The elected party will be responsible for policy formulation and other economic decisions for the country.

 These decisions are directly related to stock prices, because favourable policies help in the growth and development of the industry. Therefore, elections are generally considered important for the stock markets.

In the period before the election, generally the government's previous actions and election manifesto are considered indicators for the future.

 Therefore,

if investors feel optimistic in some areas, then they start betting on the best possible shares in the industry or region, which will push their prices further.

At all levels, the government's anticipated reforms and plans influence the sentiments of the market.

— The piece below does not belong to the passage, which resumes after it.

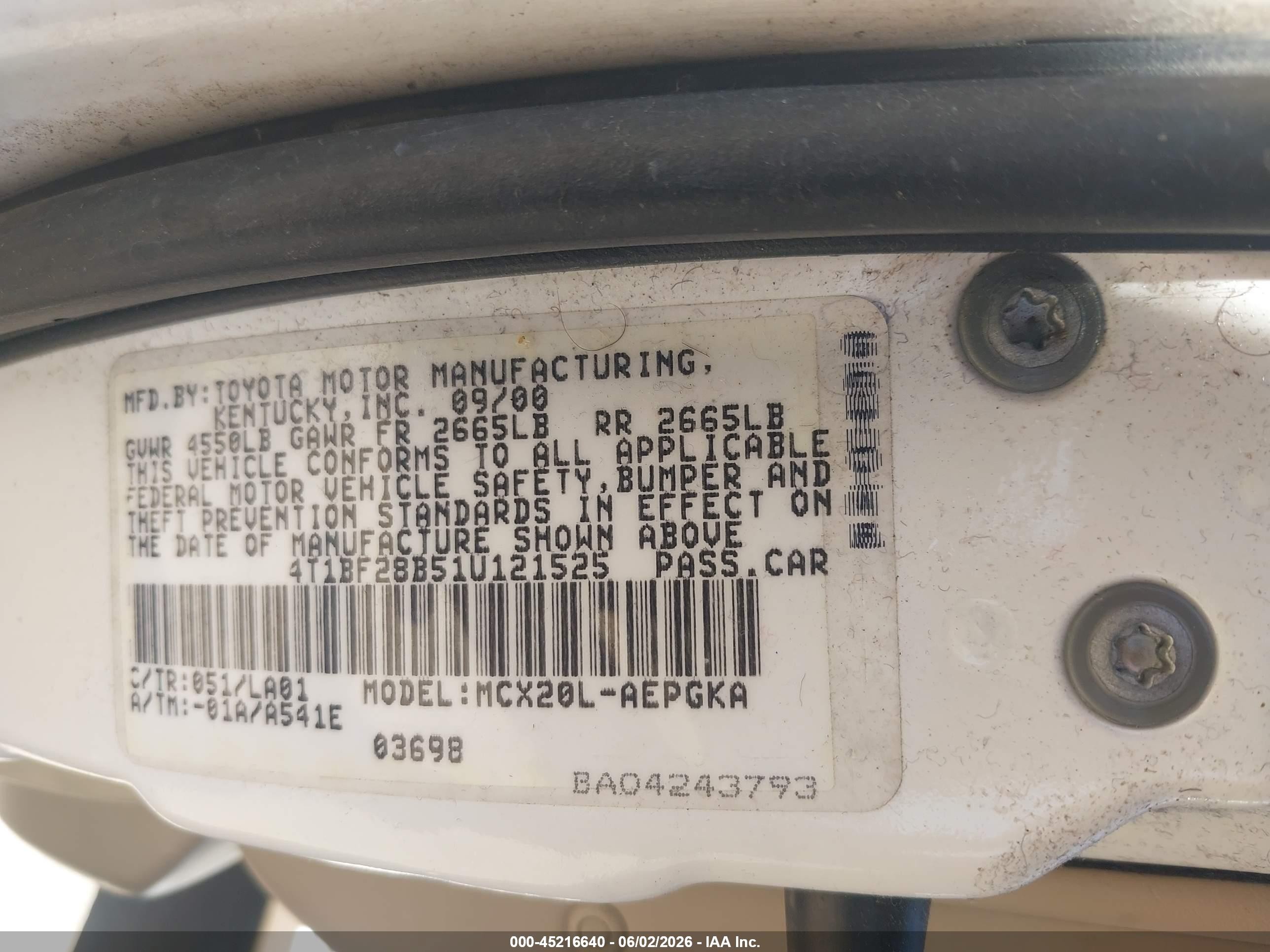 2001 Toyota Avalon Xls White vin: 4T1BF28B51U121525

This is only the relationship between the stock market and Lok Sabha elections. In the forthcoming elections 2019, the present ruler is a fire test for the BJP government.

The biggest regulatory changes, tax reforms such as GST, Demonetisation have been done by this government. Apart from this, export policies and other policies have been prominent in the last 5 years to promote small businesses.

Companies like Morgan Stanley, along with the biggest rating agencies like Moody's, are optimistic about India's dynamic development which is positive for the stock markets.

Looking at the recent improvement, it is a bit confusing where the market will rise. Analysis of historical numbers can explain this relationship well, because it is not possible to analyse this relation above and from the present.

STATISTICAL HISTORY OF ELECTIONS AND STOCK MARKETS:

To analyse the facts behind the election and the stock market, we have analysed the prices of Sensex for the last 8 elections.

This figure has measured the returns of one year before the election month. Here, for 8 election years, the Sensex has not existed before that and the Nifty is 'small' even in the age.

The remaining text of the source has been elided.